Barbara Mrowiec nadal będzie pełnić funkcję przewodniczącej rady miejskiej w Brzegu, a Elżbieta Kużdżał i Paweł Korycki będą jej zastępcami. Na dzisiejszej nadzwyczajnej sesji debatowano nad możliwymi zmianami w radzie. Grupa sześciu samorządowców tydzień temu złożyła wniosek o odwołanie prezydium. Przewodniczącej Mrowiec zarzucano nieumiejętność sprawnego funkcjonowania rady, ale także wytykano szereg wpadek, m.in. tych proceduralnych. Radni jednak zdecydowali, by nie prowadzać zmian na kilka miesięcy przed końcem kadencji.
7 radnych było za odwołaniem prezydium, a 13 przeciw. Szefowa rady po tajnym głosowaniu odetchnęła z ulgą.
- Tak, przyznaję odetchnęłam – mówi naszemu reporterowi Barbara Mrowiec. – Z uzasadnienia dowiedziałam się, że po prostu naruszam powagę obrad sesji i nie przestrzegam porządku. Innych zarzutów nie słyszałam. Dziś zostało nam już niewiele pracy. Gdyby nie sesje nadzwyczajne, to zostałoby nam maksymalnie pięć spotkań. Czy trzeba było składać taki wniosek, to trzeba zapytać autorów pisma.

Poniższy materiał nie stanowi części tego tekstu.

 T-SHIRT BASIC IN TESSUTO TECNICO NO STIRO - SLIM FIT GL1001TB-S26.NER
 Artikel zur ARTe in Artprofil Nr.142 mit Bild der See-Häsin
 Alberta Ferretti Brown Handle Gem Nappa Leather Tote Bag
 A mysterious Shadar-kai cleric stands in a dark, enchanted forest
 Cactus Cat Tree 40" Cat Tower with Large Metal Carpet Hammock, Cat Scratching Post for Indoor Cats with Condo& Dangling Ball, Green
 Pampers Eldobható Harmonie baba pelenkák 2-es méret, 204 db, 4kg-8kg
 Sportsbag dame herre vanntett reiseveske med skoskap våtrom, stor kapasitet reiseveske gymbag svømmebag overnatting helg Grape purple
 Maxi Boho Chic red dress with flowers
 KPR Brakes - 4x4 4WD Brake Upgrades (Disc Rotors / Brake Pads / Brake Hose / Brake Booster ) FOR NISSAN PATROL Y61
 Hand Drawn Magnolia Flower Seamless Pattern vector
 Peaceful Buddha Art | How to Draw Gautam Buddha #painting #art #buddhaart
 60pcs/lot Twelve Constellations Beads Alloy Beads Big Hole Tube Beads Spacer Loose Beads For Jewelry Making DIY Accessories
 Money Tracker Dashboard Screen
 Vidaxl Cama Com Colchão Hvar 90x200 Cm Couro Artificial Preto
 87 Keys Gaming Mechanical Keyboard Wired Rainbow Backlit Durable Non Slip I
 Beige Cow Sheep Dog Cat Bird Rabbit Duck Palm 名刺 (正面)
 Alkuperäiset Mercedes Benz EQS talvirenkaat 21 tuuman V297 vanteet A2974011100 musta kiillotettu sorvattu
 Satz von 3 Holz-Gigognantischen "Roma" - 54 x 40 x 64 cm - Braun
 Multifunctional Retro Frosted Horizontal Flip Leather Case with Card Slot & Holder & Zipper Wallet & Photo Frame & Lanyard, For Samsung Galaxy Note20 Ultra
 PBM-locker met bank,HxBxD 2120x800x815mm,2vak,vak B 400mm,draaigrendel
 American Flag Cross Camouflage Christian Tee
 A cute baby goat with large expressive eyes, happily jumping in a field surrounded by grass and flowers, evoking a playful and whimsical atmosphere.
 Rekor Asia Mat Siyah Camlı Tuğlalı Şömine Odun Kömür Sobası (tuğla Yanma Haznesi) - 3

Zamieszanie wokół rady skomentował również burmistrz Brzegu Jerzy Wrębiak. Jego zdaniem samorządowcy, którzy przegrali batalię o przekazanie gruntów pod budowę nowego zakładu karnego nie mogą pogodzić się z porażką.
- Do końca kadencji zostało kilka spotkań i jeżeli dziś, ktoś mówi, że zamierza odwołać prezydium rady dla dobra mieszkańców, to po prostu nie może pogodzić się z porażkami w trakcie ostatnich głosowań. A na dodatek próbuje wzniecić awanturę, bo inaczej nie potrafię tego nazwać – kwituje Wrębiak.
Na dzisiejszej sesji obecny był również poseł Kukiz’15 Paweł Grabowski. Z brzeskimi samorządowcami rozmawiał o możliwym referendum ws. budowy nowej placówki penitencjarnej w Brzegu.